**Extracted entries:**
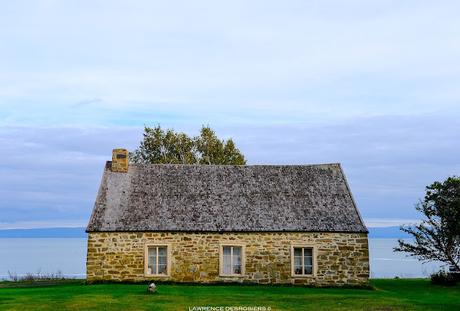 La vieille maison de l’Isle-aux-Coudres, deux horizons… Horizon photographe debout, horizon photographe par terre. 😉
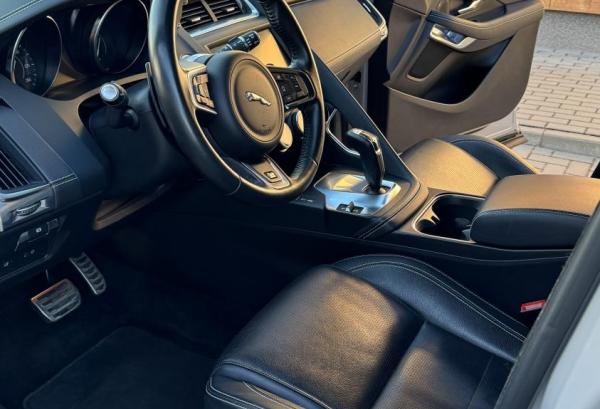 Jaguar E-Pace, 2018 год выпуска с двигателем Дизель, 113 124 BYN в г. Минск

* * *

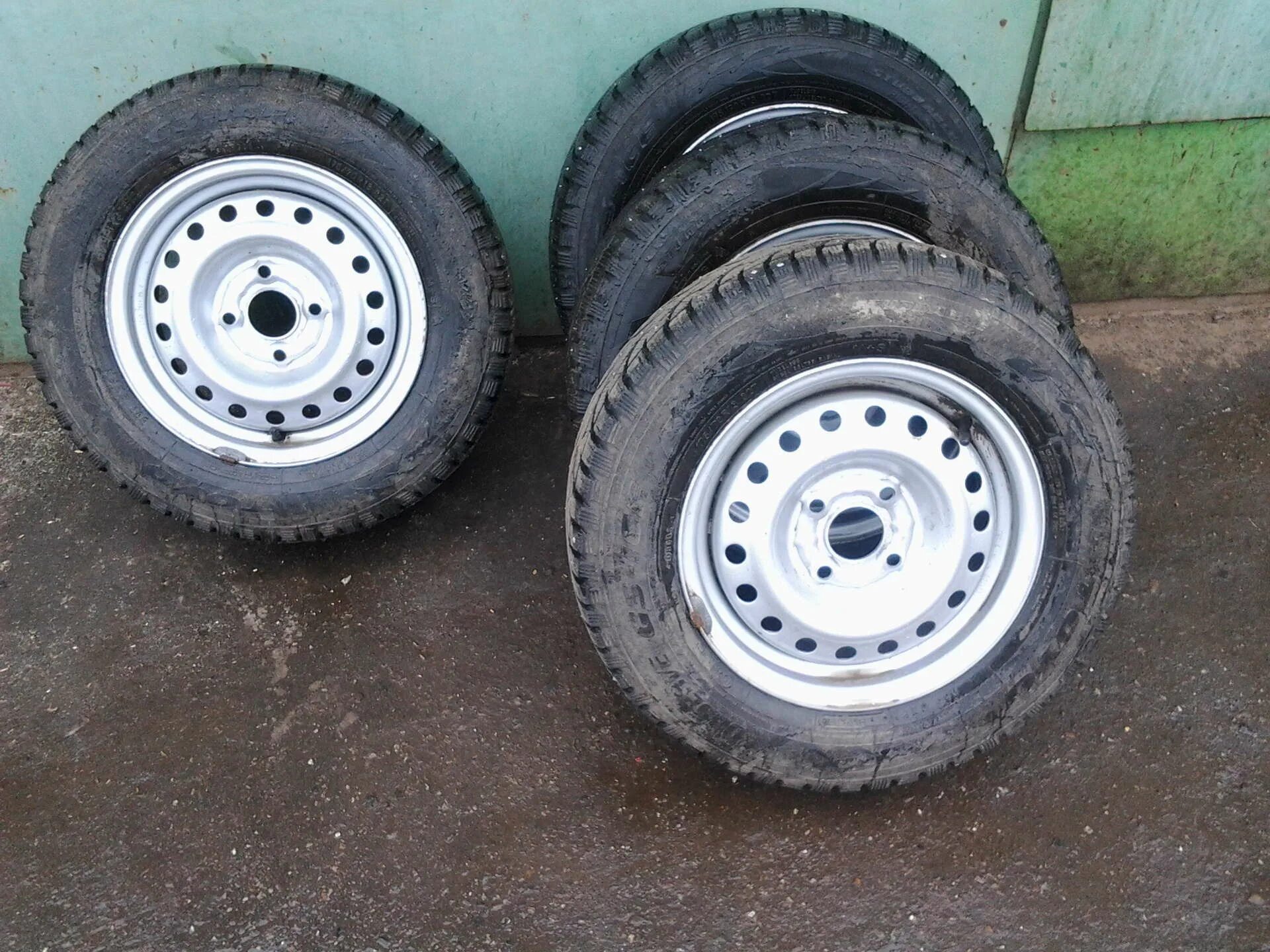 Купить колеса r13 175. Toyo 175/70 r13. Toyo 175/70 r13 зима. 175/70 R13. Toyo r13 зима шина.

==

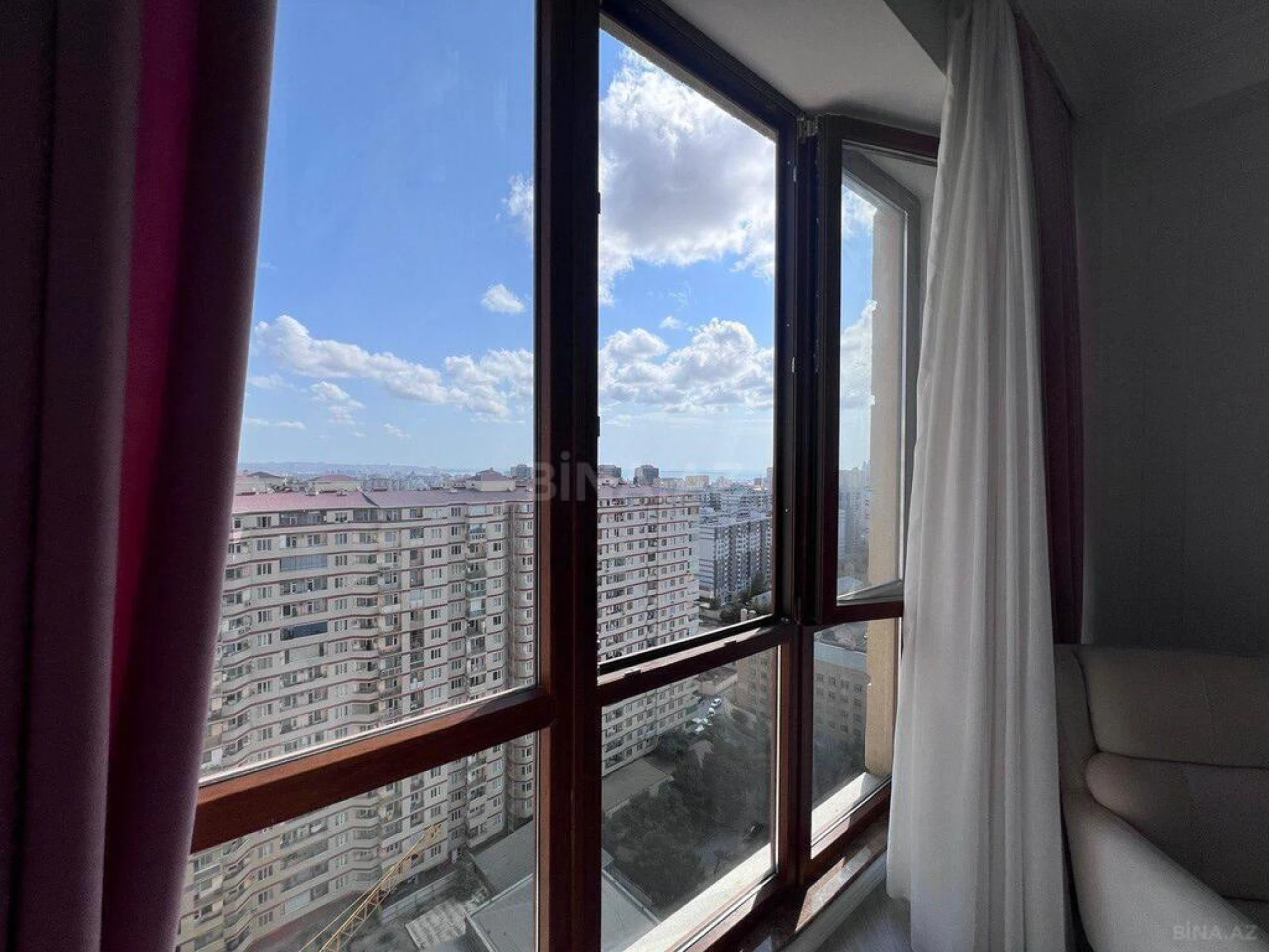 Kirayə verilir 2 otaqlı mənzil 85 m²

**Task directions:** Everything above from the line that has "La vieille maison" down to the line that has "Jaguar E-Pace, 2018" should be output exactly, with both of those lines included. Leave the pictures behind.

**Worked solution:**
 La vieille maison de l’Isle-aux-Coudres, deux horizons… Horizon photographe debout, horizon photographe par terre. 😉
 Jaguar E-Pace, 2018 год выпуска с двигателем Дизель, 113 124 BYN в г. Минск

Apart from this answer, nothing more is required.